Madame la ministre, mes chers collègues, vous l’avez compris, l’ensemble du groupe du RDSE, très sensible à l’inquiétude réelle des chefs d’entreprises, invite le Gouvernement à poursuivre et à accentuer ses efforts à destination des PME, pour qu’elles deviennent les véritables fers de lance de notre économie. Il vous assure aussi, madame la ministre, de son entier soutien. (Applaudissements sur certaines travées du RDSE, ainsi que sur les travées du groupe socialiste.)

M. le président. La parole est à M. Joël Labbé.

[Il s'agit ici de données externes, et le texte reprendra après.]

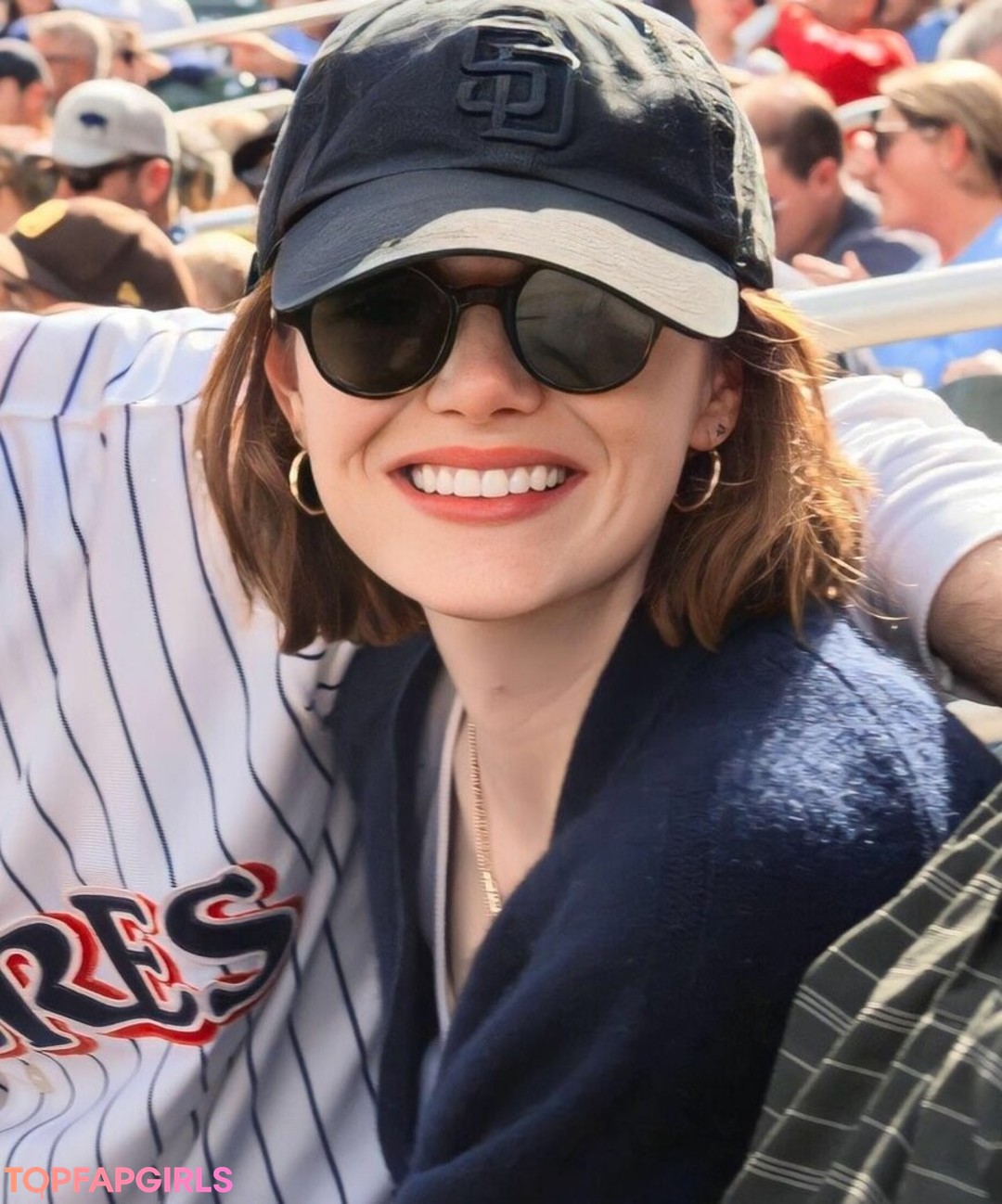 Foto desnuda filtrada de OnlyFans de Emma Stone #229 Foto desnuda filtrada de OnlyFans de Emma Stone #229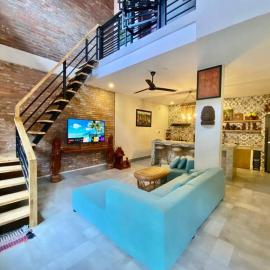 Modern 2-bedroom townhouse with rooftop terrace, hotel v destinácii Kampot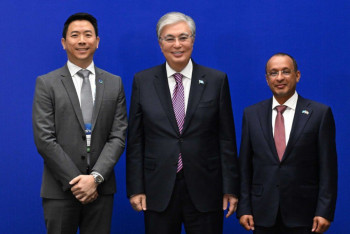 Фотография к новости: Токаев пригласил "дочку" G42  к партнёрству с Институтом ИИ при Назарбаев Университете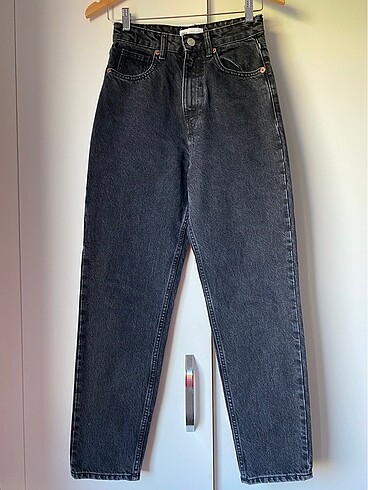 Zara Mom Jean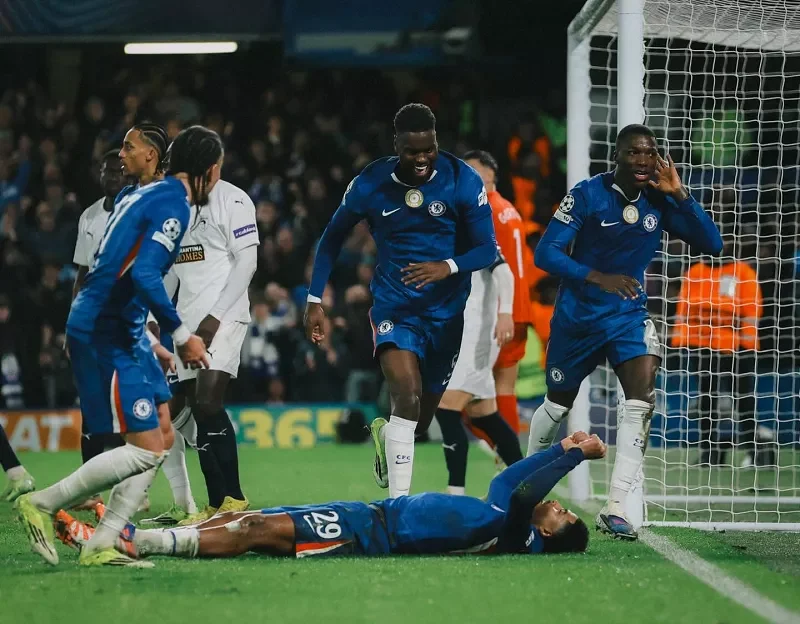 Napoli vs Chelsea đang có khoảng cách khá xa trên BXH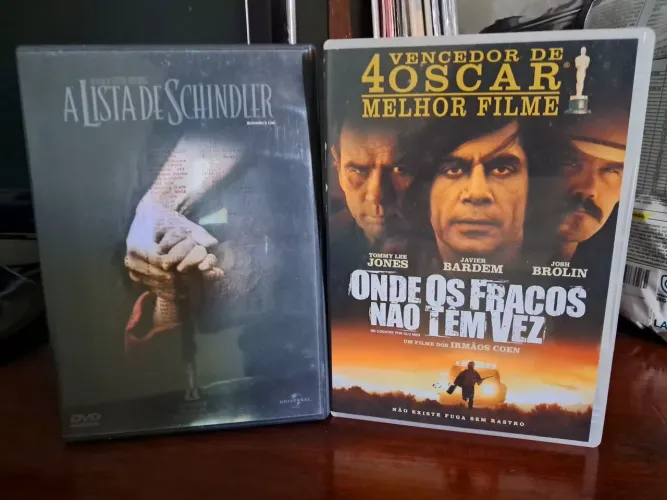 DVDs Onde os fracos não tem vez e A lista de Schindler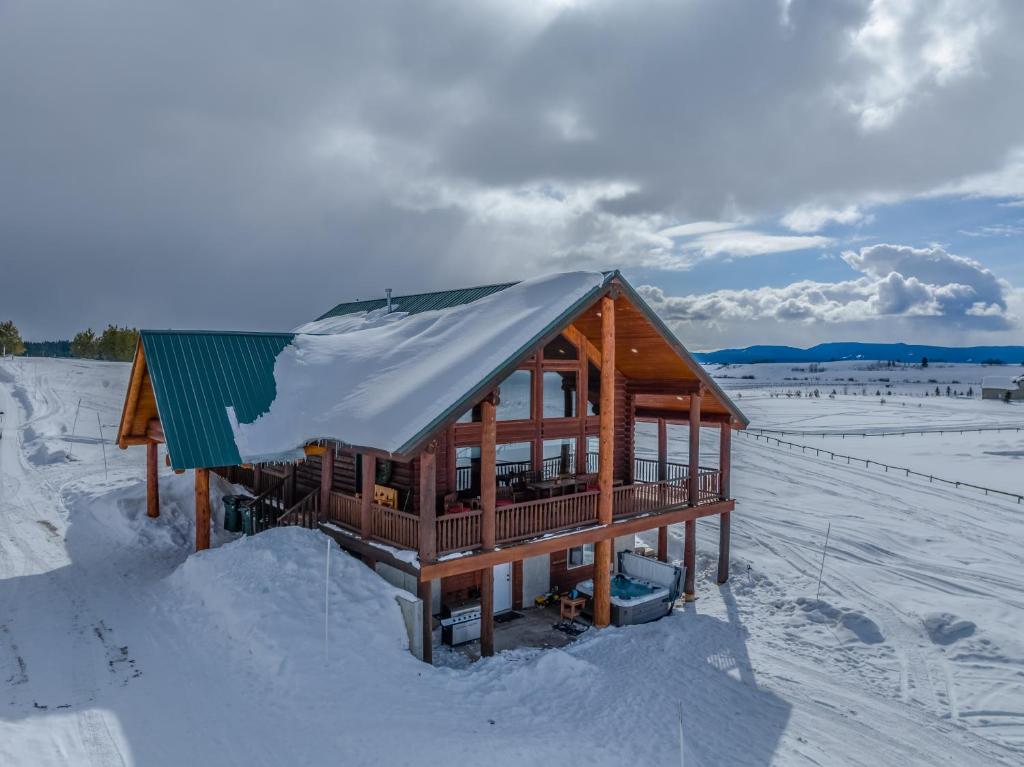 Boondockers by KABINO Hot Tub Pool Table SportsTV Fiber Optic WiFi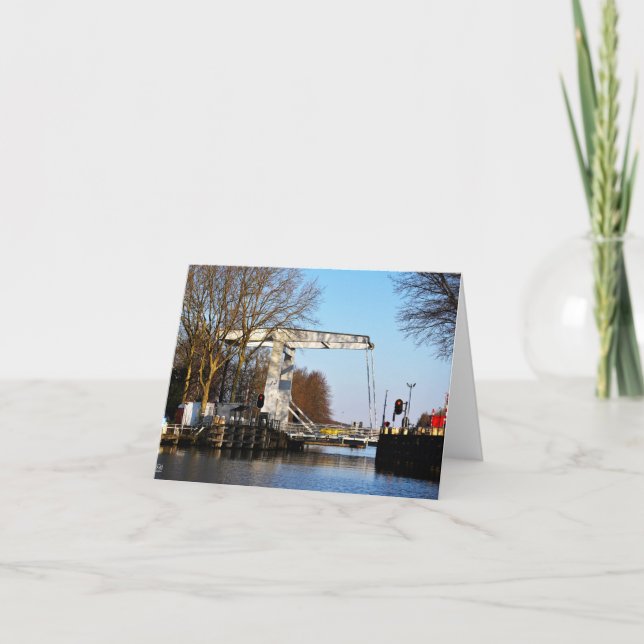 Ophaalbrug over gracht in Nederland. Dankeskarte (Vorderseite)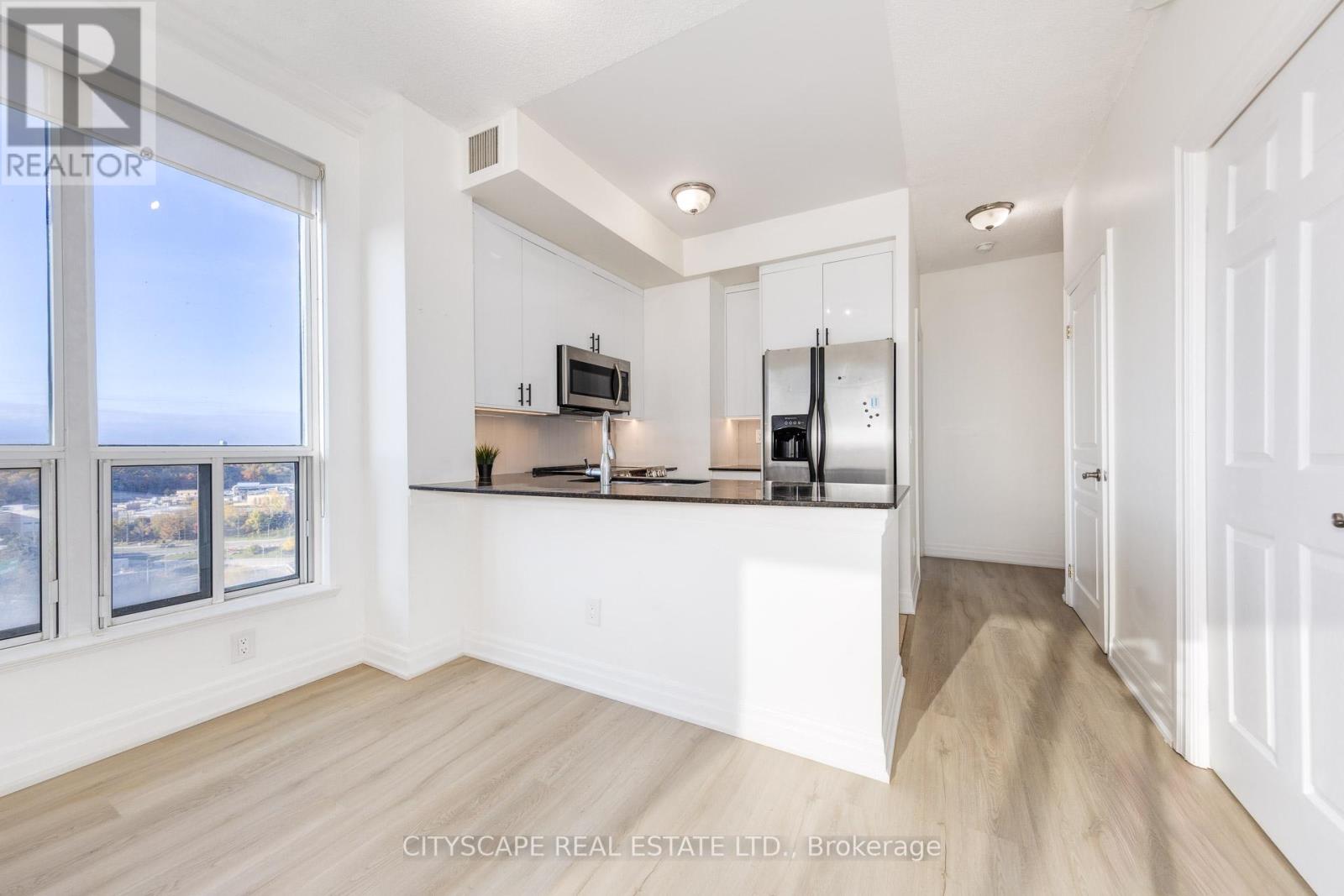 1607 - 2087 Lake Shore Boulevard W, Toronto, Ontario  M8V 4G3 - Photo 6 - W12507420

M. Joël Labbé. Monsieur le président, madame la ministre, mes chers collègues, il faut prendre conscience du fait que le mythe du retour durable de la croissance, qui mettrait fin à la crise, est illusoire, voire dangereux. Ce mythe nous empêche en effet d’élaborer des solutions de sortie de crise permettant l’émergence d’une économie moins carbonée.

On évoque souvent l’« exemple allemand ». Certes, il y a des expériences intéressantes chez nos voisins, mais, globalement, l’Allemagne n’est pas forcément un modèle à imiter pour la France ; il suffit de comparer les taux de pauvreté dans les deux pays. Essayons plutôt de travailler à un nouveau modèle français, en prenant en compte notre potentiel et nos capacités.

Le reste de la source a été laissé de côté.